14th Mar 2009, 10:21

Well the opening statement:

"Can't wait for her to be a daily driver with all new parts"

Leads me to believe that the owner wants to make it "new" again, and to me spending that kind of cash on that particular vehicle would be a waste of time and money.

14th Mar 2009, 15:40

I've owned 3 of these automobiles. 2 '85 Delta 88 and 1 '86 Caprice classic. These cars are all basically the same with diff names built on the Caprice chassis from 1978-1985. These cars are built like tanks and from my experience have been extremely reliable. It is getting harder to find one of these cars in decent shape these days, a lot of people use them in demolition derby's. If you enjoy your car as much as I enjoyed mine then it is well worth the expense and TLC to fix whatever's wrong! And you will have a well-built comfortable vehicle that you don't see see at every stoplight (unlike the Honda Accord I drive now lol)

12th Apr 2009, 19:18

My alternator won't charge, and I changed the plug and put a new alternator on it. Other than that, it's a great car, all original and 43000 miles. Great paint, love it.

20th Feb 2010, 22:27

Definitely fix this "clunker" HAHAHA, they turn heads when they look nice. I always got compliments on mine even with it's um, 'patina'.

28th Jun 2015, 02:25

I agree about the old car saving you expense with new car payments.
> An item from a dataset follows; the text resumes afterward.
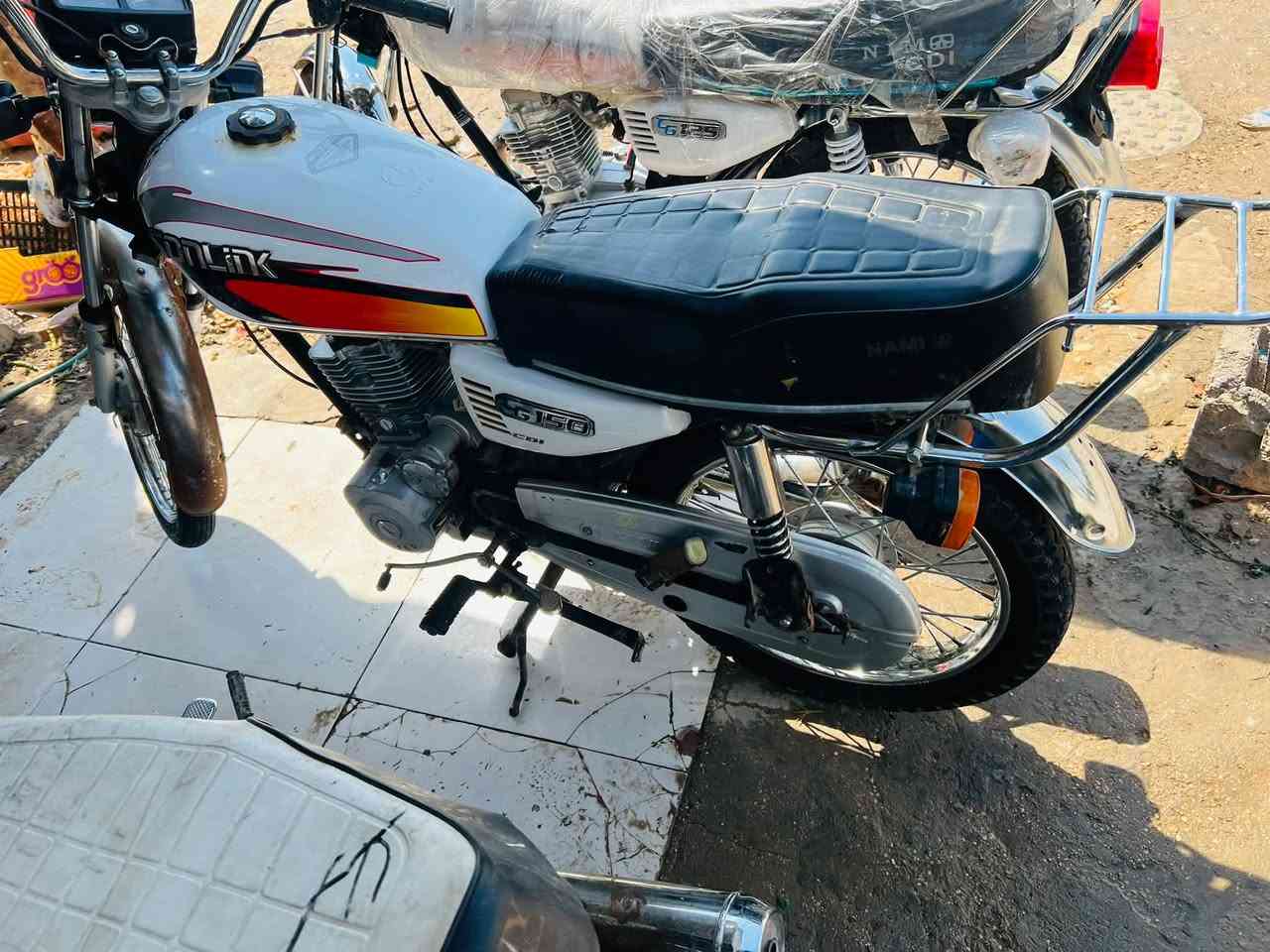 ‏سلام عليكم دراجات للبيع استفسار عن هذا الرقم مكان كربلاء عون***********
Also don't forget to add the cost of full coverage insurance & higher personal property tax. I have owned throughout my driving career: 1967 Olds 88 with 425 CID rocket, 1978 Olds Cutlass with 260 CID, & 1980 Olds Cutlass Supreme. These cars were good, not much expense with good preventative maintenance & I liked them a lot. I am in a position to acquire an 84 Olds 98, solid car still for 600 cash. Time for another sleeper.

28th Jun 2015, 16:20

I have a couple personal cars purchased new. Neither one gets driven many miles annually. Both are now over 10 years old. I figure I save money spreading the wear between the two. I balance out the driving, which really is about 5k each. If one has an issue, I take my time fixing it myself or shopping around for a better repair cost. Being over 50 and owning a home, insurance is low. I never fret if one doesn't start or needs maintenance. I drive the other. I can either fix things myself or shop for a special. By 50 I have a pretty complete toolbox. If it's a nice day and I feel like it, I will do it myself. Living this way is stress free. You also have one owner cars that you know the history from day 1. I don't know if many have tried this, but it works great. My dad was solo for a long time and shared this suggestion. You don't have to buy the most expensive cars to do this. If you are working, it's a nice way to never be without a car or sit around waiting on repairs. The only issue is remembering what car your golf bag is in. If you hang on to your cars over 10 years, it's a thing to try out. To me, no stress and not letting a car with unexpected issues disrupt your plans is worth every penny.